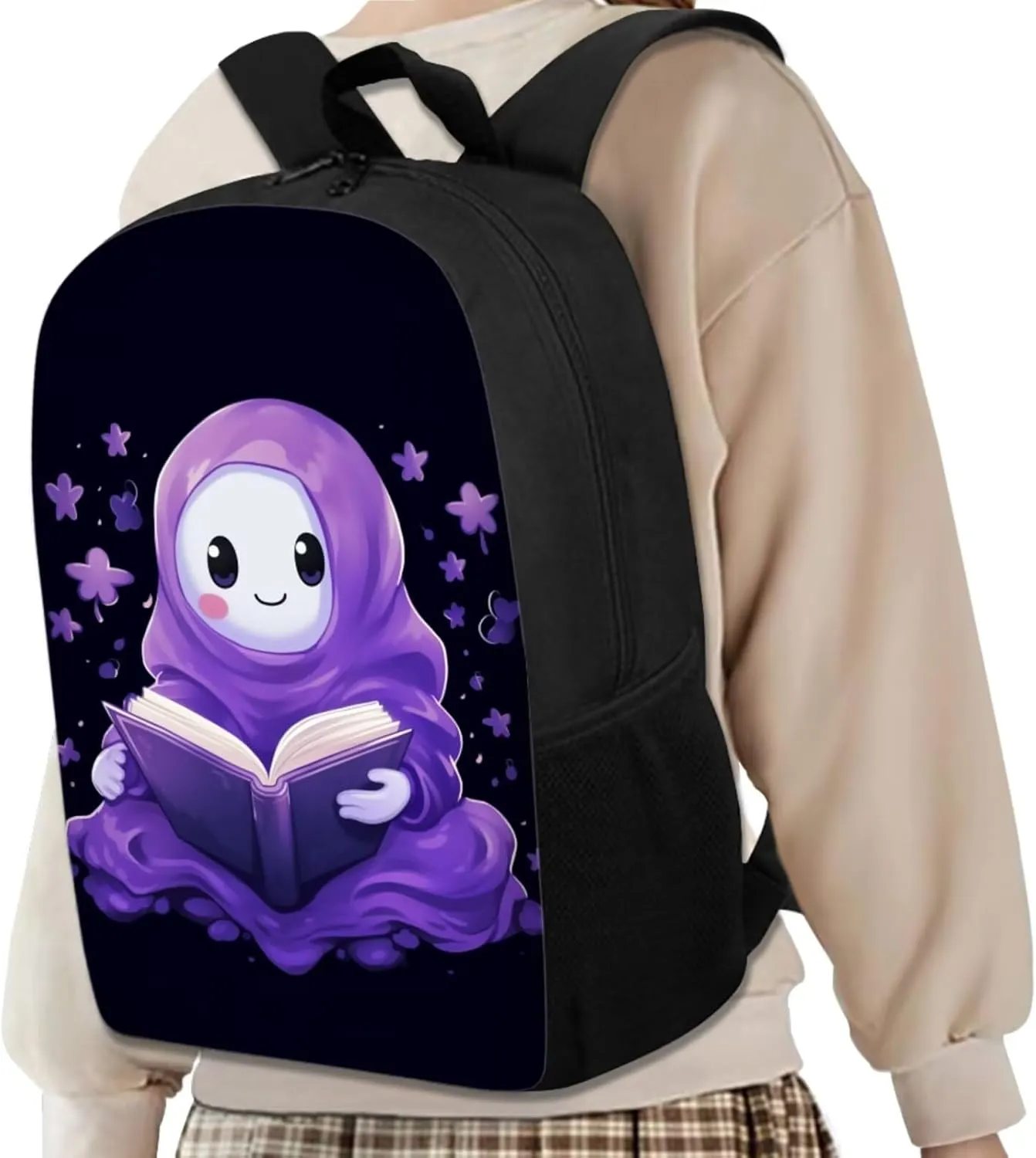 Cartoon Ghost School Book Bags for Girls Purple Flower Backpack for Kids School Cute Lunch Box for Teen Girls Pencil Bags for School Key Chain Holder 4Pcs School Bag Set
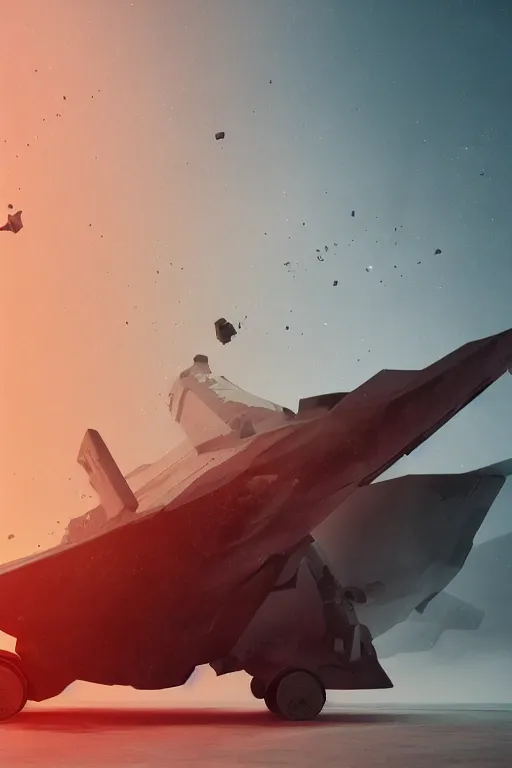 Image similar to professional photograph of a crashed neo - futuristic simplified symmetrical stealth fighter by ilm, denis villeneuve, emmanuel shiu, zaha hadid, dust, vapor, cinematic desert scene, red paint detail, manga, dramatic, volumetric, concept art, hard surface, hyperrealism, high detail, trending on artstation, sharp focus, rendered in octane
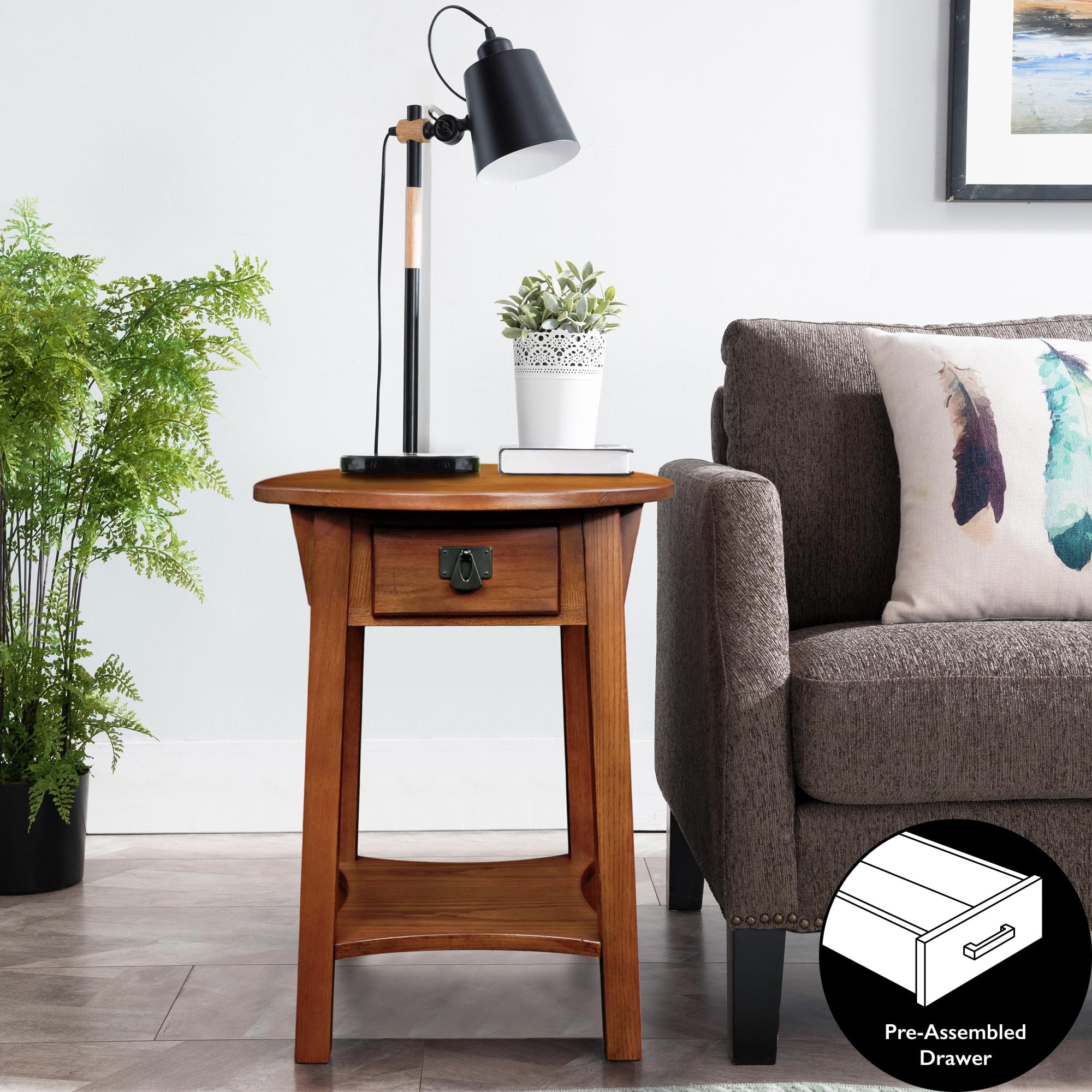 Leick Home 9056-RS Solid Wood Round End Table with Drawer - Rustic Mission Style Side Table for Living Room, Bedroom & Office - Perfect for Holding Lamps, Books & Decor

☆ ☆ ☆ ☆ ☆ ☆ ☆

Each line of the data must be transcribed exactly; pictures are not carried over.

- _SOLUTION TO THIS EXERCISE_
 Cartoon Ghost School Book Bags for Girls Purple Flower Backpack for Kids School Cute Lunch Box for Teen Girls Pencil Bags for School Key Chain Holder 4Pcs School Bag Set
 Image similar to professional photograph of a crashed neo - futuristic simplified symmetrical stealth fighter by ilm, denis villeneuve, emmanuel shiu, zaha hadid, dust, vapor, cinematic desert scene, red paint detail, manga, dramatic, volumetric, concept art, hard surface, hyperrealism, high detail, trending on artstation, sharp focus, rendered in octane
 Leick Home 9056-RS Solid Wood Round End Table with Drawer - Rustic Mission Style Side Table for Living Room, Bedroom & Office - Perfect for Holding Lamps, Books & Decor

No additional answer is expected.